©Dr. Jack L. Arnold                                                                                                                                   Equipping Pastors International, Inc.

Eschatological Systems                                                                                                                                                                Part I—Views of Prophecy                                          

Lesson 10




                        One of the major covenants of the Bible is the New Covenant and how one interprets this covenant will determine whether he is premil or amil. The issue is whether the New Covenant is being spiritually fulfilled by the church or whether it will ultimately be fulfilled by Israel in the millennium.

                        There is wide interpretation of this covenant by different expositors of scripture, especially among those of the dispensational camp.




Different Viewpoints


                        All dispensationalists accept the premise that the New Covenant was made with Israel and Judah and will be ultimately fulfilled at the second advent. This leaves the problem of what relationship the church, which began on the Day of Pentecost sustains to the New Covenant.

J. N. Darby: The New Covenant in both the Old Testament and the New Testament belongs to Israel though the church participates in the benefits of the sacrifice of Christ, which is also the basis of the New Covenant.

C. I. Scofield: There is one New Covenant but there are two aspects to the covenant: one for Israel and one for the church. The church partici­pates in the spiritual benefits of the New Covenant.

John F. Walvoord: There are two New Covenants spoken of in scripture: one for Israel, which will be fulfilled at the second advent, and the other for the church, which it is now fulfilling. This strict interpretation arises out of a theological presupposition that Israel and the church are two distinct entities.

These varying opinions result from the fact that the Old Testament states that the New Covenant is for Israel (Jer. 31:31-34) and the New Testament says it is for the church (Heb. 8:8-13; 2 Cor. 3:6-7). How can they be reconciled while still giving force to each?


The New Covenant in the Old Testament (Jer. 31:31-40; Isa. 59.20-21; 61:8-9; Ezk. 16:60-63; 34:25-26; 37:21-28; Jer. 32:27-40; 50:4-5; Ezk. 36:27).


                        Unconditional Covenant: This covenant is based on the sovereign grace of God, resting on His “I will.” (Jer. 31-34; Ezk. 16:60-62), and it is said to be an everlasting covenant (Isa. 61:8; Ezk. 37:26; Jer. 31:35-37).

                      A Jewish Covenant:  God promised to make the “new covenant with the house of Israel, and with the house of Judah” (Jer. 31:31). This obviously refers to physical Jews who believe the promise.

Provisions of the Covenant

1.          The law of God shall be written on the heart (Jer. 31:33).

2.          God shall be Israel’s God and they shall be His people (Jer. 31:33)

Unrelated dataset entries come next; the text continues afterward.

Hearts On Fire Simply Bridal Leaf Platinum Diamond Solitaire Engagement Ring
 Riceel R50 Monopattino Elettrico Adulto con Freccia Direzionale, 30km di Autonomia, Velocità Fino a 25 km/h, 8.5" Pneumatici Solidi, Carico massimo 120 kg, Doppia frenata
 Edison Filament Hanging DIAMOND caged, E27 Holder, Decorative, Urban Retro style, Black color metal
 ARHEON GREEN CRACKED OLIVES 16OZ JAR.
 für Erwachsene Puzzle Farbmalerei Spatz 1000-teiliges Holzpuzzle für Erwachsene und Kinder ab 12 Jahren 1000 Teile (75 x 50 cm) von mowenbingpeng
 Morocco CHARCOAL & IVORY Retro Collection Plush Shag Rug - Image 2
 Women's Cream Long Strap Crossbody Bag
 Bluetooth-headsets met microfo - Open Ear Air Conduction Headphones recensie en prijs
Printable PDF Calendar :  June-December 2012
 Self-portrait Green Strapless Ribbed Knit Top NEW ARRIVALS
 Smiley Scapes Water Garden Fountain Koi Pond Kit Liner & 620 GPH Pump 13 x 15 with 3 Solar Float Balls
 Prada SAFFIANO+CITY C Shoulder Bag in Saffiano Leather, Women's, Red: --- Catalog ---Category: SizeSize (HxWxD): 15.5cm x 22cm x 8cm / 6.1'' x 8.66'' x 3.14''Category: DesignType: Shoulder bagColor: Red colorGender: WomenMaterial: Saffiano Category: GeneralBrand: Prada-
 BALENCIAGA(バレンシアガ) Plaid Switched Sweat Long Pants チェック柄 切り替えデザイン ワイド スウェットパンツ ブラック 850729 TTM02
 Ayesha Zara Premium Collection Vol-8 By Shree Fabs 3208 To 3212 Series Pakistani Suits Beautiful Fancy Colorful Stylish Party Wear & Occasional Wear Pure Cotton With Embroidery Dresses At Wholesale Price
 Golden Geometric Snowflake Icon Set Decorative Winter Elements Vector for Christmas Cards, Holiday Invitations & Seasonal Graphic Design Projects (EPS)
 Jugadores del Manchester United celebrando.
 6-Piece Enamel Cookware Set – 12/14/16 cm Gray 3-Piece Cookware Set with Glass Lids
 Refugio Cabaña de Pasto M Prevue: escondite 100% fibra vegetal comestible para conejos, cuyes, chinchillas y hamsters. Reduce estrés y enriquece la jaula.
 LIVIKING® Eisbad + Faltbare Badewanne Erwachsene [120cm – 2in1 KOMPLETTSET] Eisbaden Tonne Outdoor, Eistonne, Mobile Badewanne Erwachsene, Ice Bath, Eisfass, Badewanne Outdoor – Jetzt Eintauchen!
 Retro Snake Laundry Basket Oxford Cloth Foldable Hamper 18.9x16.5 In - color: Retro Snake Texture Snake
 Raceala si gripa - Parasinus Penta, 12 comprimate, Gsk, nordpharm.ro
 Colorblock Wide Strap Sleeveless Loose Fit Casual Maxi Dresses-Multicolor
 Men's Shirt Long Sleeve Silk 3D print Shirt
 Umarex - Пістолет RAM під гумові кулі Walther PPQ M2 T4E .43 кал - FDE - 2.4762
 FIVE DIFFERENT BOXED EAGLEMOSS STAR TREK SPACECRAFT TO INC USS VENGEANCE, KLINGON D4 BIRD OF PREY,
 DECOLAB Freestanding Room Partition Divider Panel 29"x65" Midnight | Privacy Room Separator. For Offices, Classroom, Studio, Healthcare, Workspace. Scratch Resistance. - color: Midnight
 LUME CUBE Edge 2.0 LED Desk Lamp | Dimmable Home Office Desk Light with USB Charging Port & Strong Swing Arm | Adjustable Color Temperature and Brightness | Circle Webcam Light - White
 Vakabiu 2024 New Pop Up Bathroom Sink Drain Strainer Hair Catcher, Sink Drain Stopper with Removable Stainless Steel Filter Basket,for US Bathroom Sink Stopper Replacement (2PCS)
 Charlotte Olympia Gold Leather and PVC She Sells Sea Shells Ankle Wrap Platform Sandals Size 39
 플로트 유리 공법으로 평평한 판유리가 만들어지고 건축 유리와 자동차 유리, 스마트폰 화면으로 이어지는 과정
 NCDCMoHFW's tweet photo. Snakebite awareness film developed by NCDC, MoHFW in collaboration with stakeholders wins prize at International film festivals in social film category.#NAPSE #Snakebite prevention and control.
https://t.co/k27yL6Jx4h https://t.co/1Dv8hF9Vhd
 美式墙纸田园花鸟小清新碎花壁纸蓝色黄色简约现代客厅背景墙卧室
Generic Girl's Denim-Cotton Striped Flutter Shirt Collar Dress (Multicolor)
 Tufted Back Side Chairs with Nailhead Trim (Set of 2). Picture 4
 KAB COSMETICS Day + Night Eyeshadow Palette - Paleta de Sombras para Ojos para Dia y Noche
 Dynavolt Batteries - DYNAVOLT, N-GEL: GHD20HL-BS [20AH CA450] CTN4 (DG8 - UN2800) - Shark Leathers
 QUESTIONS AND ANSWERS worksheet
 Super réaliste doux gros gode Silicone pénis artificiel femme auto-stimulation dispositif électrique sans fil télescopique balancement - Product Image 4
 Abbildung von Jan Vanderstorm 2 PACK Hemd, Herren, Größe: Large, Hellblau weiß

3.          A universal knowledge of God among Jews (Jer. 31:34).

4.          Forgiveness of sins (Jer. 31:34; Ezk. 16:60-63).

5.          The perpetual existence of the seed of Abraham (Jer. 31:36-37).

6.          Rebuilding of Jerusalem (Jer. 31:39-40).

7.          Regathering of Israel and putting them in the land (Jer. 32-37-44).

8.          Turning of the Jews to God.  (Jer. 50:4-5).

9.          Beasts will be trained (Ezk. 34:25-26).

10.    A sanctuary will be established (Ezk. 37:26-27).

11.    Christ will reign over them (Ezk. 37:24,25; Isa. 59:20,21).

12.    Regeneration and the indwelling of the Holy Spirit (Ezk. 36:26-27).


                        An Enlargement of the Abrahamic Covenant. The New Covenant is an expansion of the universal and national promises of the Abrahamic Covenant with special emphasis on the universal aspect. The people of Israel are guaranteed a time when it shall be in possession of the land, redeemed, and the center of worldwide blessings.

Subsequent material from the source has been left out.